ー 医者を目指されていたんですね!そこからどんな経緯でアットハースが生まれているのでしょうか?
海外のメディカルスクールに通うには合計7,000万円ほどの資金が必要となり、社会人から貯蓄していた金額では到底足りませんでした。なので最初は、自己資金を元手に学費を稼ぐ為に不動産投資の業務委託をスタートさせたことが入り口になっています。
元々、留学経験や大学生の頃から在留外国人とのネットワークを個人的に持っていたこともあり、最初はその繋がりの中から彼らが日本に住むために必要なことを手伝っていたのですが、支援をしたメンバーが大手企業のマネージャーや重役に上がるにつれて、リファラルで紹介・相談をもらう機会が増えていきました。そこから不動産オーナーさんからも相談を頂く機会が徐々に増えていき、とある物件を一棟任せて頂いたときは、4年間で1,600名ほどの集客をしたり、と流れの中で徐々に個人事業として行うレベルから法人化する必要が出てきてしまったという経緯ですね。
ー なるほど。
正直最初は、”日本の国際化”や”日本で困っている外国人を助けたい”という想いだけで、スモールビジネス的にやっていたので組織の形態として「NPOでもいいのではないか?」という選択肢もありました。ただ、より多くの人に影響を与える・現状を変えていくという意志があるのであれば、株式会社化してスケールを目指すことが正しいのではないか、という思いが出てきて、2018年からはスタートアップ化をして本格的に動き始めました。

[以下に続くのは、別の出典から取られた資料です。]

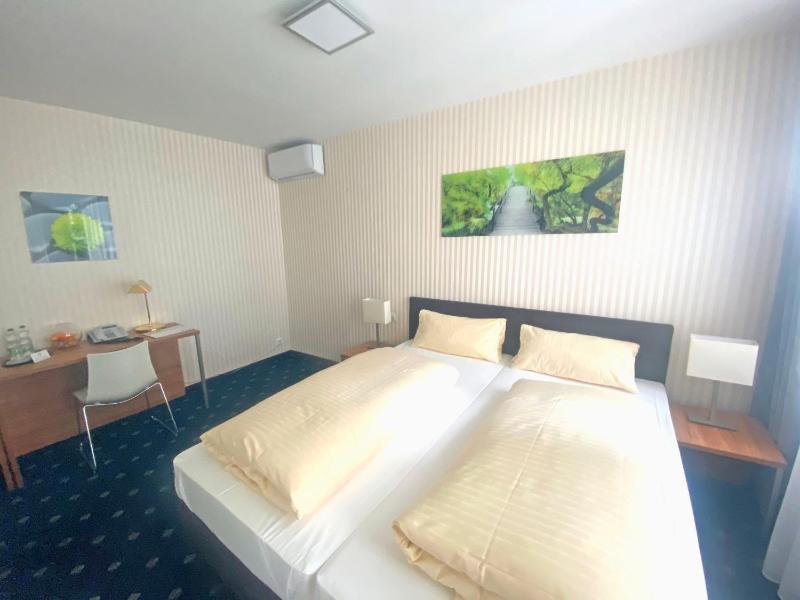 Standard Double Room with air conditioning image 2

医師からスタートアップと方向は変わっていますが、根底にある「海外で困っている方を助けられる人材になりたい」という想いは今でも変わっていません。
今後について
ー 中長期的な展開についてお教え下さい。
「Live the life you want」という私たちのビジョンでもありますが、「当たり前の世界」を早く作りたいと思っています。当たり前というのは、人種や国籍・言語を問わず自由に暮らせる世界のことを指しています。そういった暮らしのサポート全般をアットハースで実現したいと思っています。
外国人と働く・暮らすという世界は、時代の流れ的に今後当たり前になってくる世界であると思っていますが、それがくる社会を私たちがもっと早く実現したいです。5年後10年後にくる世界を1年でも2年でも早く、社会として実現していきたいと考えています。
ー 最後に、記事内でお伝えしたいPR事項などあれば教えて下さい。
現在、採用を積極的に行っています。有難いことにビジョンに共感してくださる方から沢山お声かけを頂いていますが、今欲しいのは「共感」ではなく「共創」。一緒にビジョンを作っていけるメンバーを探しています。入って頂いたことを誇りに思ってもらえる会社を創っていきたいと思っていますので、是非興味を持って頂ける方がいればご連絡下さい!
ー とてもやりがいのあるフェーズでの参画になりそうですね!今日は有難うございました。
こちらこそ、有難うございます。